Reading at Anara Spa 10/15/09

http://www.kentbondart.com/portfolio-3/portfolio-3.html

Kent Bond 28 by Kent Bond

“My Zen teaching has deepened to encourage people to really plunge into the world, into life. I want them to enter life, to embody their practice, tend it with their hearts. To attend to life, to this body, is to love it and bless it. Particularly we need to find a way to bless our wounds and the darkness we
find ourselves in. It takes patience to bless our wounded-ness,
because we haven’t been taught a respect for it. But if you
do bless your body, you notice that you find what is right for
you. You have the kind of pains that are right for you, as well
as the kind of joys that are yours, the experiences that you
have honestly earned.

When we listen to our bodies, our bodily wisdom grows. We
can feel the body’s urge to move and honor its cycles of rest,
we can meditate and dance, we can respect its need for solitude, we can allow its lively senses, and we can know its pleasures and limitations. Instead of fearing our body, its losses and strange vulnerability, we honor it. When the mandala of awakening includes rather than excludes the body, our gifts can flower and our heart remains free.

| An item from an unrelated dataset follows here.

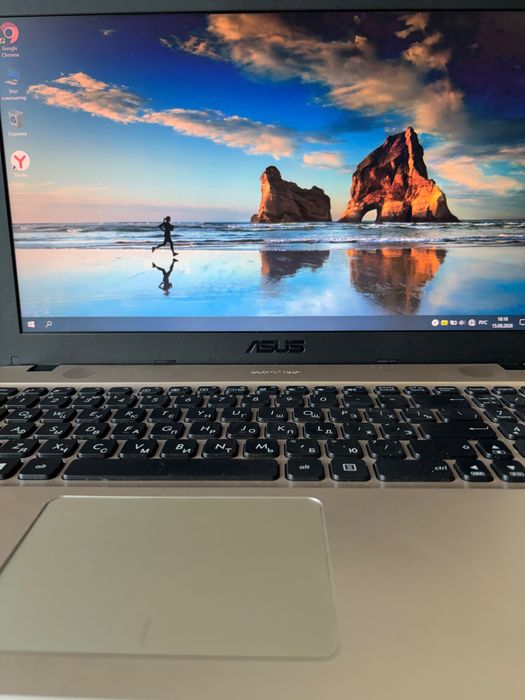 Ноутбук Asus продается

Rabbi Nachman of Bratzlav tried to get his disciples to understand that:
“If you never want to see the face of hell, when you come
home from work every night, dance with your kitchen
towel, and if you’re worried about waking up your family,
take off your shoes.”

—-
Hakuin Zenji wrote in his ancient Song of Zazen,
“All beings by nature are Buddha, as ice by nature is water. How sad that
people ignore the near and search for truth afar like someone in
the midst of water crying out for thirst. . . . Truly, is anything miss-
ing now? Nirvana is right here, before our eyes; this very place is
the pure Lotus Land; this very body, the Buddha.”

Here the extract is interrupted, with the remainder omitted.